Pentagon Targets Military Lawyer Who Released Detainee Data
Andrew Sullivan of The Daily Dish writes today on how the Pentagon has gone after its own military lawyers "who have stood up to the illegal and sometimes criminal detainee policies of the Bush administration" in the war on terror. He suggests reading Scott Horton's piece Monday in Harper's Magazine on the government's prosecution of Lt. Cmdr. Matthew Diaz, currently underway in Norfolk, Va.
Diaz, Horton writes, is being prosecuted for sending a list of the detainees at Guantanamo -- inside a Valentine -- to the New York Center for Constitutional Rights in January 2005. The Pentagon under the leadership of Donald Rumsfeld wanted to keep the list secret. But as Horton points out, the administration had responsibilities under U.S. and international law to disclose the list.
So the names of the detainees were required to be disclosed. Their non-disclosure was a criminal act. A federal court compelled their disclosure. And now a Guantanamo JAG is being prosecuted for disclosing the names, with a claim that his action was "with intent to benefit a foreign nation." What is the matter with this picture?
In February, Lt. Cmdr. Charles Swift wrote a piece for Esquire magazine in which he explained why he "sued my commander in chief and the secretary of defense on behalf of a Guantanamo Bay detainee named Salim Hamdan." Swift's action successfully challenged the Bush administration's use of military tribunals.
NPR reported last October that Swift was forced to resign under Navy rules of "up or out" after he was passed over for promotion. Swift said at the time that he didn't think he was being forced to retire in retribution for suing the Bush administration.

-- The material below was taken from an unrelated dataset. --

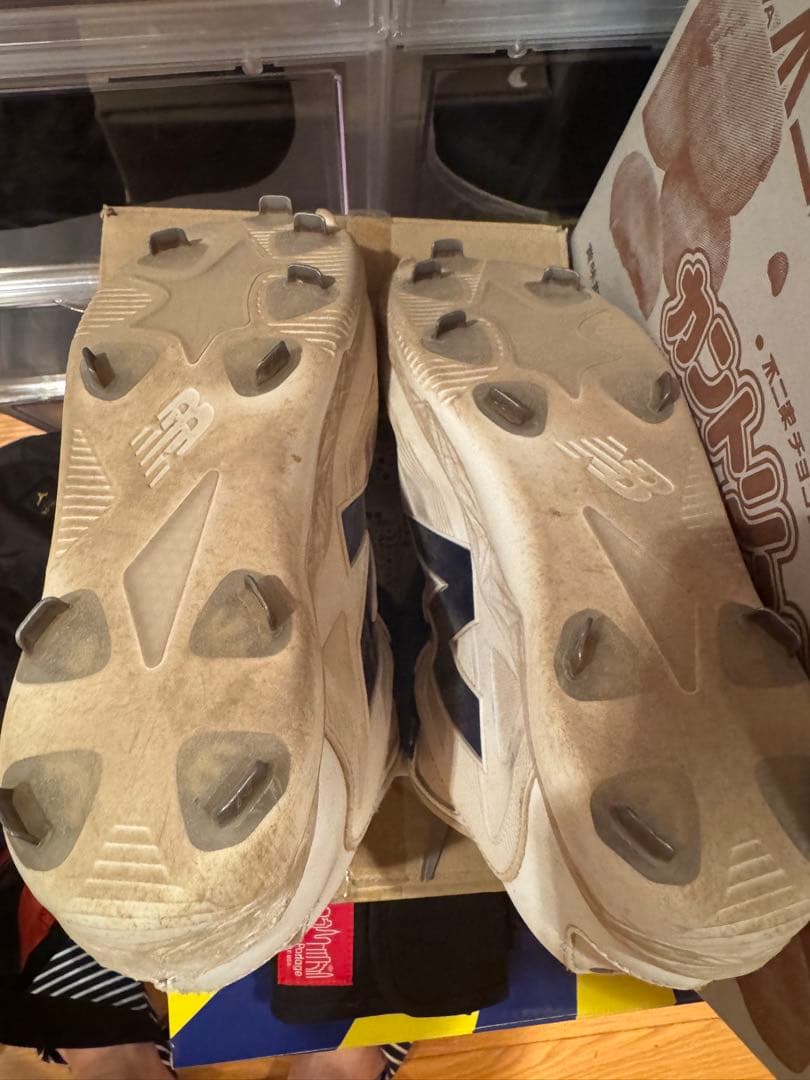 KING☆MK☆ New Balance S01 野球スパイク大谷翔平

Finally, the Blog of Legal Times reports the Department of Justice today argued in front of a three-judge panel at the U.S. Court of Appeals for the D.C. Circuit for even more restriction on lawyers' ability to talk to their clients at Guantanamo: "The government's proposed rules would mean the search of legal mail, limits on attorneys' initial meeting with detainees and prohibitions on what these lawyers could say to their clients."